When Black Lives Matter (BLM) activists held a protest last year in the same place they were branded as left-wing anarchists by Trump and his supporters. But more importantly, the police and the presence of the national guard was a show of force meant to intimidate protestors.
The notion that political violence, polarisation and armed militias representing different political factions could only happen in faraway places is a narrative Americans have long told themselves.
One US-based reporter encapsulated that American mythology by arguing unironically that “American exceptionalism [is] hanging on by a thread,” as armed Trump supporters vowed to take their country back.
The British, Indian and Turkish governments have all issued statements of concern regarding the violence and urged for a peaceful transfer of power.

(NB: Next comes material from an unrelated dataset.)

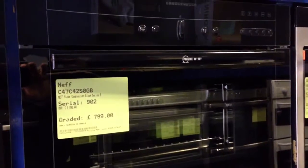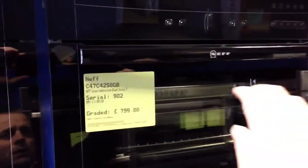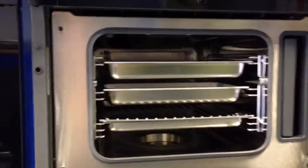The item is complete, brand new and unused, and like all our graded items it's been checked and tested fully to make sure it works perfectly.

That may sit uncomfortably for many Americans who are more used to believing that they are the gold standard of democracy.
The American right-wing Republican politician Marco Rubio framed the protests as something that could only occur in a third world country. Whereas another liberal journalist argued that “We are not in Kabul. We are in America.”

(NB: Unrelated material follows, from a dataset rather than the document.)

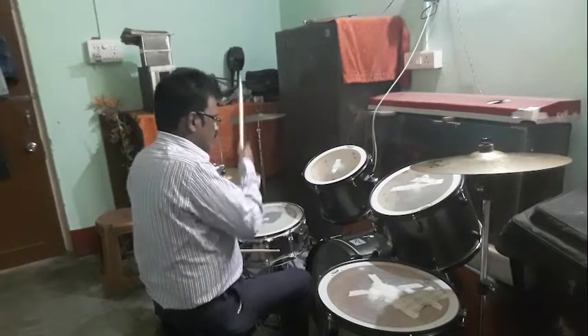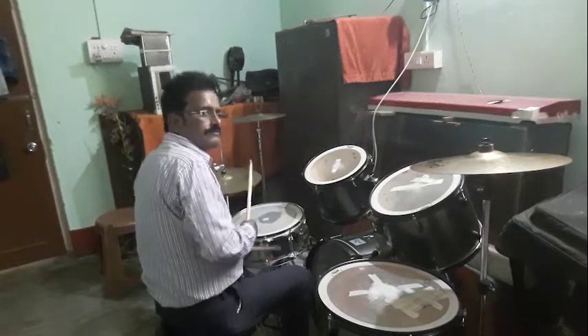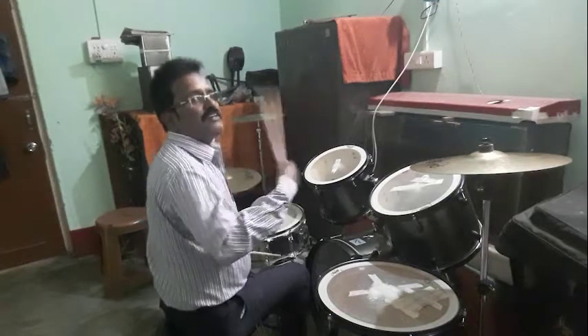Slowly I will show you. And now we will play the bass pedal faster.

American gun-toting violence which aims to overthrow the government, according to many American commentators on the left and the right, has no historical precedent in the country. Only references to eastern or African countries can bring the point home. Yet that’s not quite true.
Trump supporters clash with police and security forces as people try to storm the Capital Building in Washington.
One of the worst cases of domestic terrorism in the United States was committed by an avowed far-right individual, Timothy McVeigh, who in 1995 detonated a bomb that left 168 people and injured more than 680 others.
McVeigh wanted to spark a revolution that would lead to the overthrow of the federal government. He believed, as the protestors that ransacked the legislative assembly in Washington yesterday, that the state was no longer acting and representing the will of the people.
The protestors that stormed Capitol Hill held Confederate Flags, which were used by southern US states that sought to secede from the US during the civil war in 1861.
Those symbols, now considered racist and controversial, continue to resonate deeply with many Americans who hold a deep distrust towards the government.
Many of the protestors also draw on a uniquely American political tradition which is the right to bear arms, enshrined in the Second Amendment of the US constitution.
In the recent past, any attempt to reform gun laws in the US has been painted as a government infringement of those rights and actions that only a state heading towards a tyranny would take. Guns, therefore, become a symbol of resistance towards the state.
The soon to be former president Donald Trump has greatly fed into that sense of distrust. Over the course of several months, Trump has repeated over and again that the elections were rigged and the votes were stolen. And in 2016, Trump seemed to support the right of “Second Amendment people” to take matters into their own hands in a bid to stop Hillary Clinton becoming president.
Supporters of US President Donald Trump protest in front of the US Capitol Building in Washington.
Americans are perhaps waking up to the prospect that their country, like any other, rests on a fragile social contract that can’t be taken for granted.
And as Americans talk about “coups” and “insurrections” against their democratic order, they might spare a thought about so many other democratic orders that have been overthrown with US backing.
As one observer put it following the events in the US: “You are not more free, civilised or above other nations. Recognise your humanity, ability to err. That's the first step to setting things right, rising up and doing better.”